FOR PHILLIES, HE WHO HESITATES BALKS ON THE WAY TO A LOSS

By Sam Bush

Cole Hamels is the best pitcher the Phillies have drafted and elevated to the majors in a long time.

And even Hamels found a new way to lose yesterday.

Hamels’ first balk since 2012 proved to be the difference as Philly couldn’t finish off its second straight sweep of Washington, dropping a 3-2 decision on Sunday at Nationals Park despite another solid pitching performance from its ace.

“No, but I know I’ve lost some pretty weird games,” Hamels said when asked if he’s ever suffered a loss by balk. “It’s unfortunate.”

In the sixth inning of a 2-2 contest, Hamels (8-7) allowed a one-out double to Washington’s Ian Desmond. As Hamels attempted to keep the speedy Desmond close to the bag, first-base umpire Chad Fairchild called a balk, allowing Desmond to move up to third.

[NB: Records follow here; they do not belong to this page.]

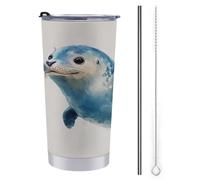 Jubonexis Tazza da viaggio da 590 ml, bottiglia d'acqua con sigillo sorridente per il nuoto, in acciaio inox, con coperchio con cannuccia e spazzola per la pulizia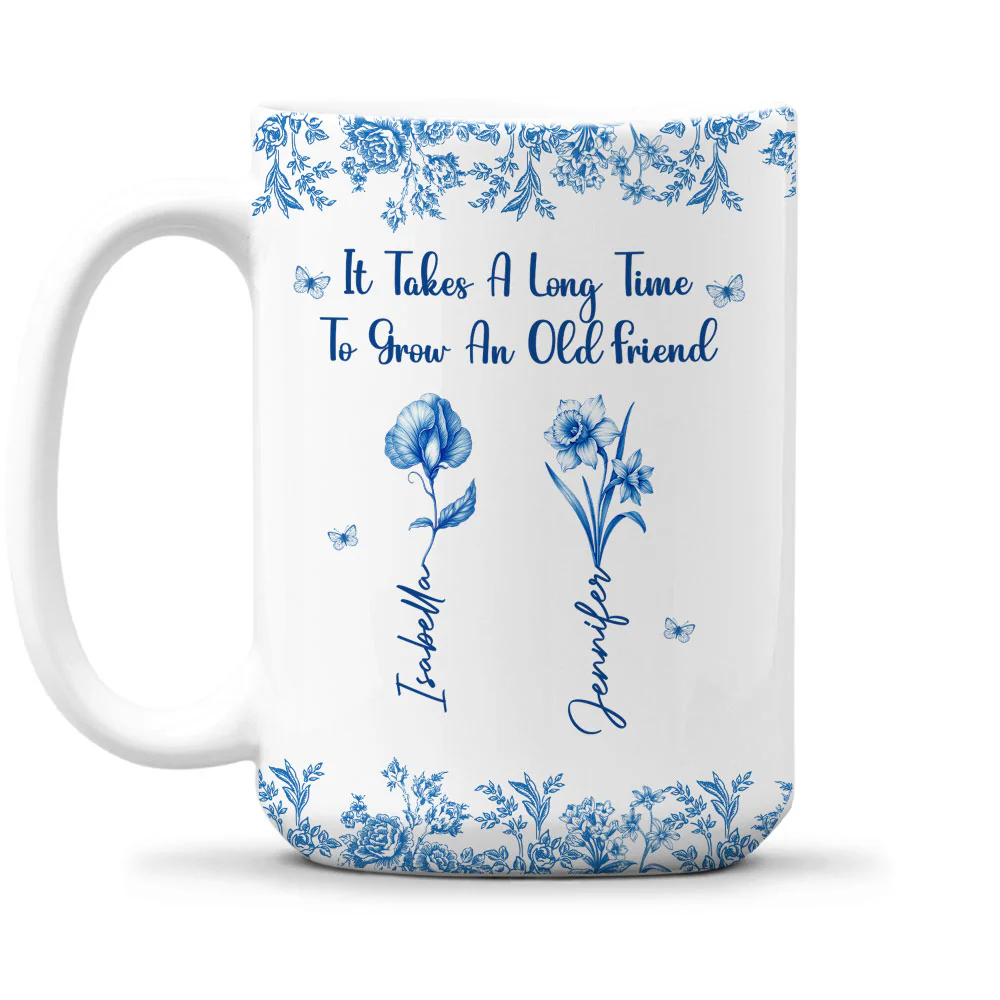 Bestie Flowers Toile De Jouy Style  - Personalized Custom Coffee Mug - Image 8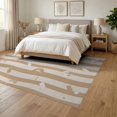 thumbnail image 3 of ODIKA 6'x9' Khaki Cream Wavy Abstract Design Washable Area Rug Playful Geometric Stripes with Modern Flair for Dining Room, Under Table, Office Décor, Non-Slip Chair-Friendly, 3 of 7
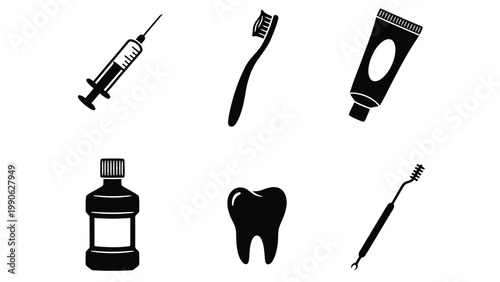 Dental and Oral Hygiene Icons Set. Toothbrush, Toothpaste, Mouthwash, Tooth, and Syringe for Healthcare and Medical Concepts.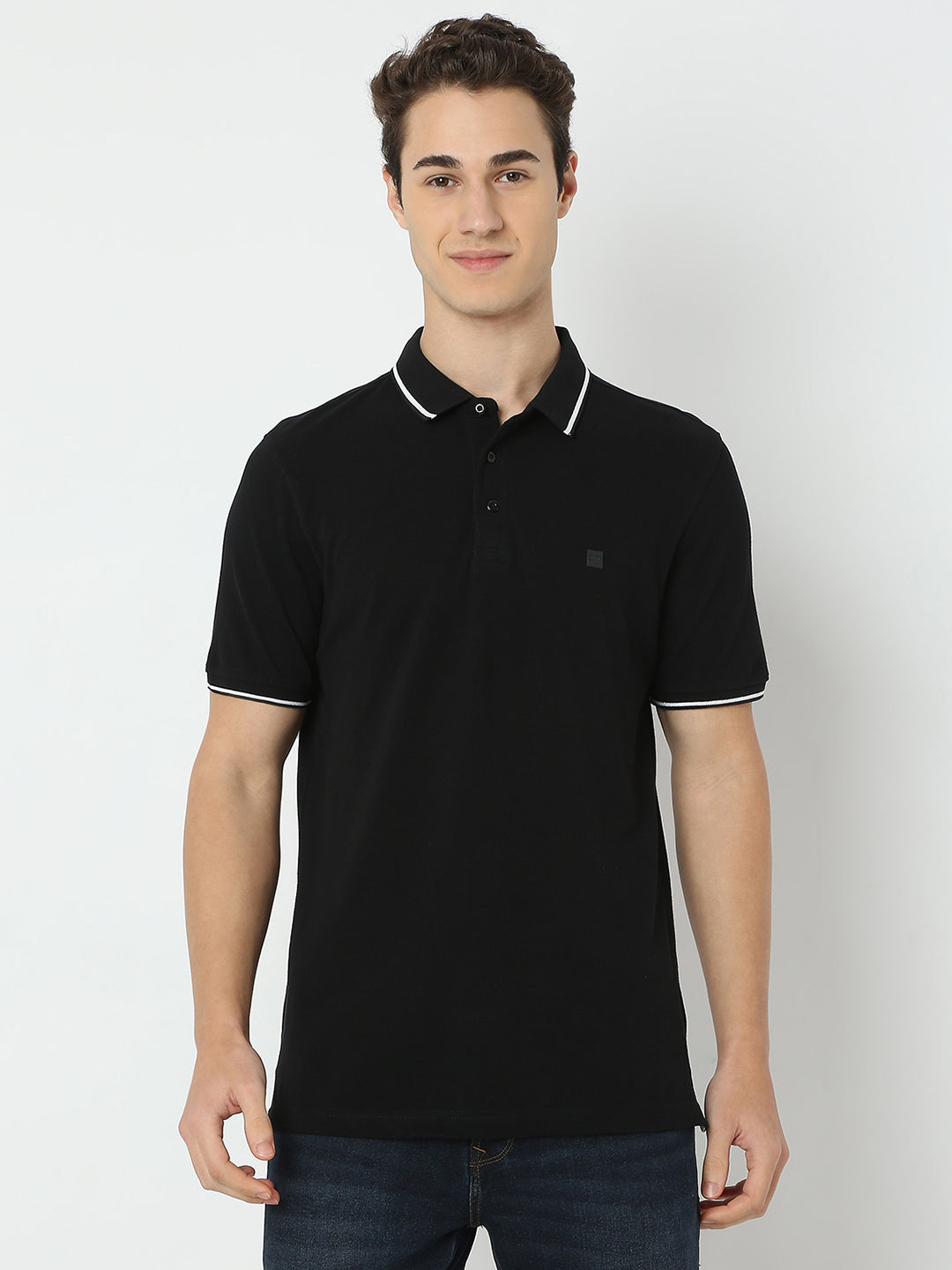 Spykar Mens T-Shirt H/S Mktbp1Be090 Black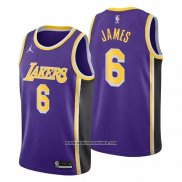 Camiseta Los Angeles Lakers LeBron James #6 Statement 2020-21 Violeta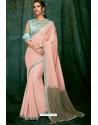 Baby Pink Party Wear Designer Embroidered Sari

“[Fairchild] said that I hitched twice,” Hamels said. “That I came up and then turned, but I think that he was just looking at my back foot as opposed to my front leg, because it was continuing the whole time. When I spin, my cleat sometimes gets caught, so it causes kind of like a jump. I’ll keep doing what I can do. If they keep calling it, then, obviously, I guess I have a problem. I didn’t think it was a balk. It’s a first. I’ve been doing the same move since I’ve gotten to the big leagues.”

Scott Hairston delivered a sacrifice fly to deep left field to bring in Desmond and give the Nationals a 3-2 advantage that would stand up.

“I got lucky with Hairston not hitting a homer, because I know that would have been 85 rows deep at our field,” Hamels said. “But the pitch to Desmond was a bad pitch. It was up, and if I would have been able to at least get it down, it would have been a groundout right to the third baseman. That’s the pitch, right there. I guess if it didn’t happen, we might still be playing.”

In 6 1/3 innings, Hamels allowed three runs on seven hits while striking out seven — the 19th straight start he has allowed three earned runs or fewer. But some errant command, which led to two home runs by Washington first baseman Adam LaRoche, and the balk prevented him from having a shot at picking up his 16th career victory against the Nats.

“Cole wasn’t as sharp with his command and just controlling the ball,” manager Ryne Sandberg said. “And then the balk kind of came into play. It was a questionable call. He does that often.”

The Phillies attempted to rally in the eighth, as pinch-hitter Ben Revere opened the inning with a single off reliever Tyler Clippard. Revere appeared to steal second and was ruled safe, but Nationals manager Matt Williams successfully had the called overturned via challenge to thwart the comeback attempt.